24 L U G L I O
17ª DOMENICA T.O.
PREGARE A IMITAZIONE DI CRISTO
Come le tessere di un mosaico, disposte pazientemente una a una, tutte insieme formano la figura che l’artista vuole rappresentare, così in queste ultime quattro domeniche, passo dopo passo, Luca illustra i temi con i quali delinea la figura del discepolo. Il discepolo si mette alla sequela di Gesù secondo le esigenze da lui enunciate, opera la misericordia, ascolta la Parola, prega.
Gesù in preghiera: la relazione con il Padre
Luca presenta spesso Gesù in preghiera. La considerazione dei passi relativi la preghiera di Gesù nel vangelo di Luca porta a riconoscere nel suo pregare l’espressione e la visibilità della sua relazione con il Padre.

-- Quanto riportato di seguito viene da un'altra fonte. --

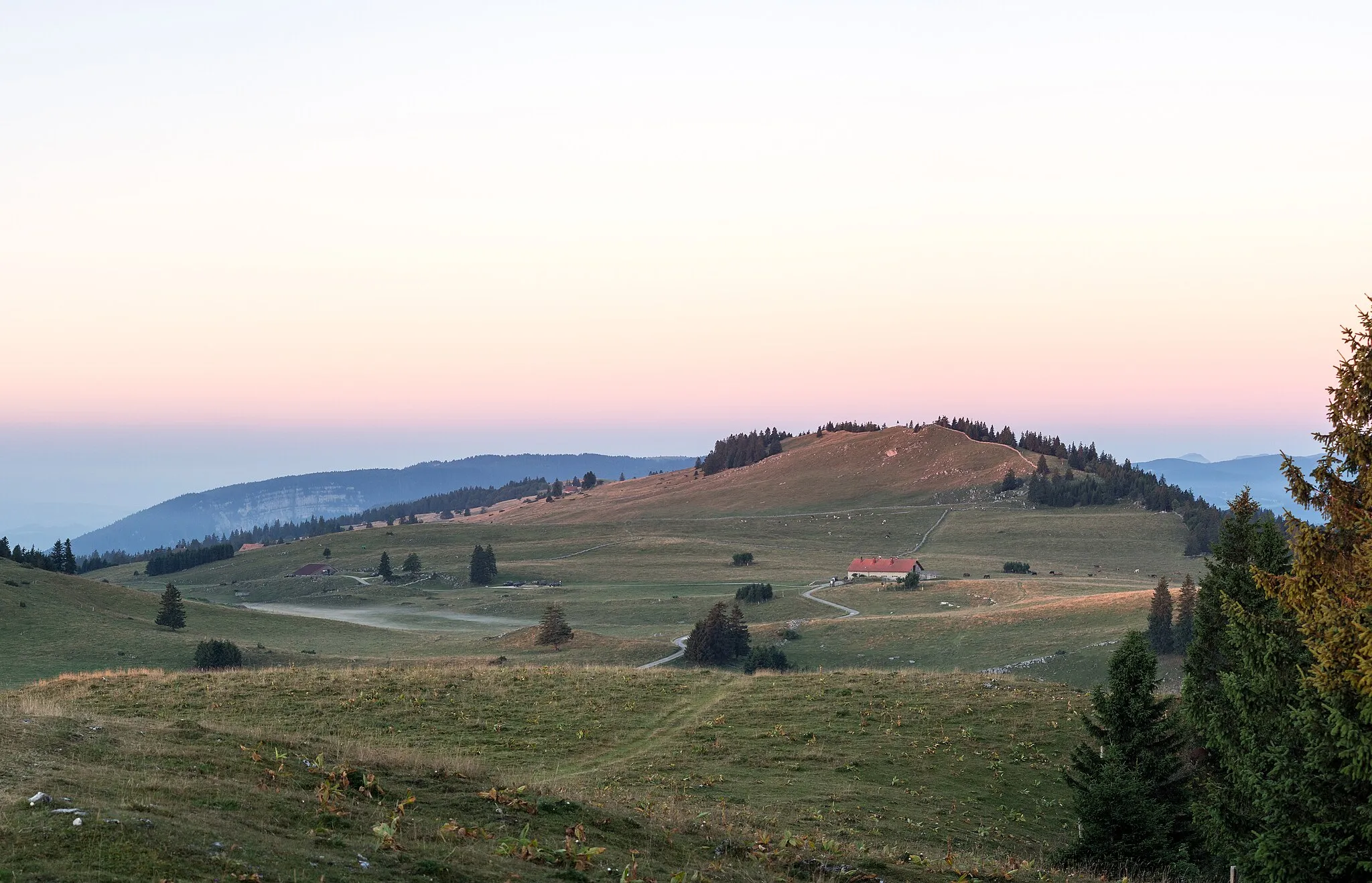 Photo showing: View of Mont Racine (right) and Rochers des Miroirs (left, in the background) at sunrise.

Perciò i discepoli, vedendo Gesù in preghiera, si rivolgono al maestro chiedendogli: «Signore, insegnaci a pregare» (Lc 11,1). È la stessa preghiera di Gesù l’occasione e il contesto della domanda dei discepoli e dell’insegnamento del maestro.

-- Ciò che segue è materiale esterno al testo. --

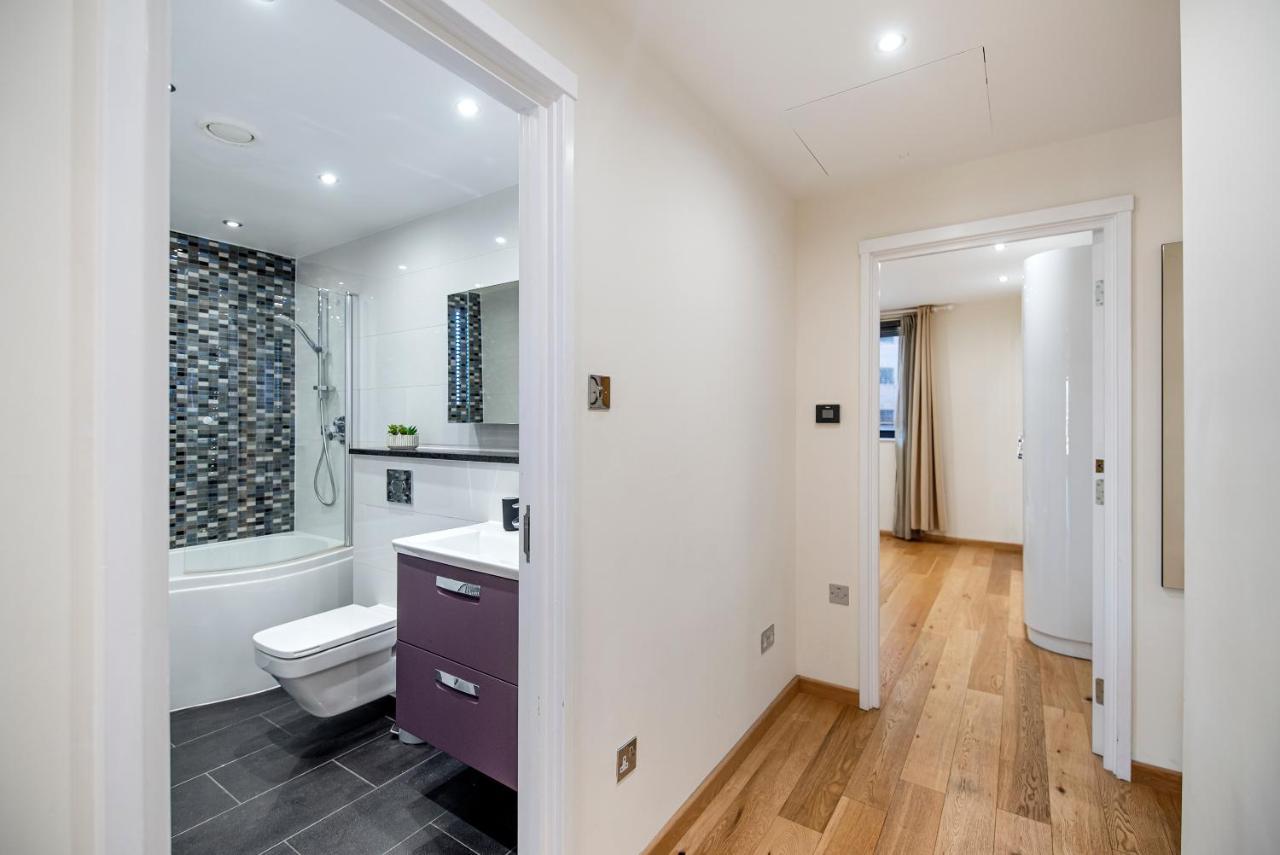 And Spacious 2 Bed *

La relazione con il Padre è il punto decisivo del discorso, non le parole con cui pregare che di tale relazione sono solo espressione. Altrimenti si ridurrebbe l’esperienza della preghiera a questione di formule e di tecniche.

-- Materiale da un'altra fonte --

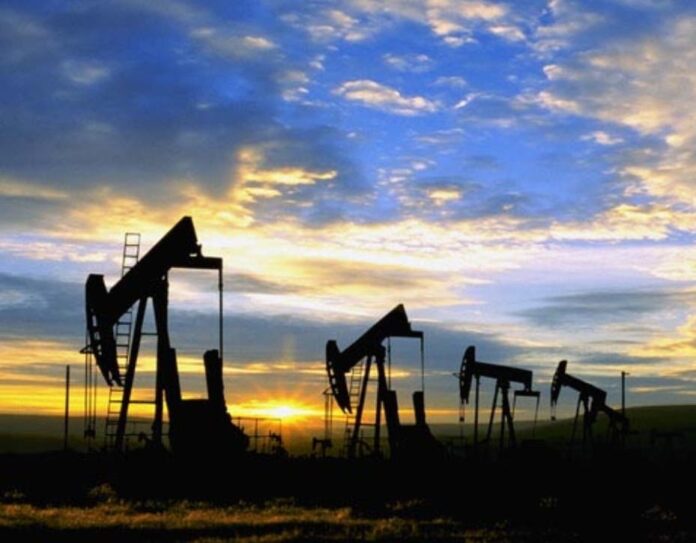 El petróleo de Texas abre con una subida del 0,74 %, hasta 81,18 dólares el barril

La preghiera del cristiano ha nella relazione di Cristo con il Padre il suo modello e il suo ambiente. Ogni volta che un cristiano prega entra nella stessa relazione di Cristo con il Padre. Solo così il suo pregare è vera preghiera.
Il cristiano prega se e in quanto prega «in Cristo, per Cristo e con Cristo», per dirla con la formula liturgica. Tutto ciò che non si colloca in questo ambito è vaniloquio, ostentazione di sé, esercizio di narcisismo spirituale, ricerca di gratificazione estetica o emotiva, anche quando si ammanta di formule pie.
Pregare da figli nel Figlio
La preghiera cristiana è vera se è inserita in quella di Cristo perché, come insegna san Paolo nella seconda lettura, tutta la vita del cristiano per mezzo del battesimo è inserita in quella di Cristo (cf Col 2,12). In virtù della nuova identità donata dal battesimo anche la preghiera, come il resto dell’esistenza cristiana, viene assunta nella relazione che esiste fra il Padre e il Figlio. Non a caso, quando Gesù insegna a pregare, insegna a rivolgersi a Dio chiamandolo «Padre». È riduttivo interpretare quest’appellativo secondo la linea psicologico-emotiva, cioè come «paparino», «papà» o simili, pur essendo possibili e corrette traduzioni. Il punto qualificante non è nell’analogia con l’esperienza umana, che peraltro, sappiamo bene, può essere, come tutte le esperienze umane, tutt’altro che positiva. Ciò che si dice con la parola «Padre» è che,
«in Cristo, con Cristo e per Cristo», al discepolo è data la stessa opportunità di relazione d’intimità e fiducia che ebbe Gesù con il Padre.
La preghiera di Abramo
L’episodio di Abramo è illuminante. Il patriarca può mercanteggiare con Dio perché con lui ha un rapporto interpersonale d’intimità, tanto che Dio stesso gli rivela i propri propositi. Abramo può condurre un dialogo ardito con Dio perché ha confidenza con lui; può sfidare Dio in merito alla sua giustizia (Gn 18,23) perché ha con lui una relazione confidente, fino a giungere a interrogare Dio su uno dei problemi maggiori della nostra esistenza di credenti: la sua giustizia.
Perseveranza e umiltà
Il discorso di Gesù sulla preghiera termina esortando alla preghiera perseverante, conseguenza della fiducia che la richiesta venga ascoltata, e promettendo il sovvenire di Dio alla preghiera del credente con l’elargizione del dono dello Spirito Santo. È lo Spirito il protagonista della nuova relazione fra il credente e Dio.
Precondizione di questo perseverante chiedere ed essenziale elargire è la capacità dell’uomo di riconoscere il proprio bisogno (cf Lc 11,9). Il chiedere, nella preghiera, è un atto di umiltà, è il riconoscimento della propria fragilità creaturale.
A quest’atteggiamento si può collegare l’ultima fra le richieste del Padre Nostro: «non abbandonarci alla tentazione» (Lc 11,4). È l’invocazione del credente che sa quanto sia faticosa la fedeltà al Vangelo e la perseveranza nella prova. È soprattutto in queste occasioni che più fortemente bisogna invocare «non abbandonarci alla tentazione», animati dalla fiducia che la nostra richiesta, umile ammissione di debolezza, sarà ascoltata.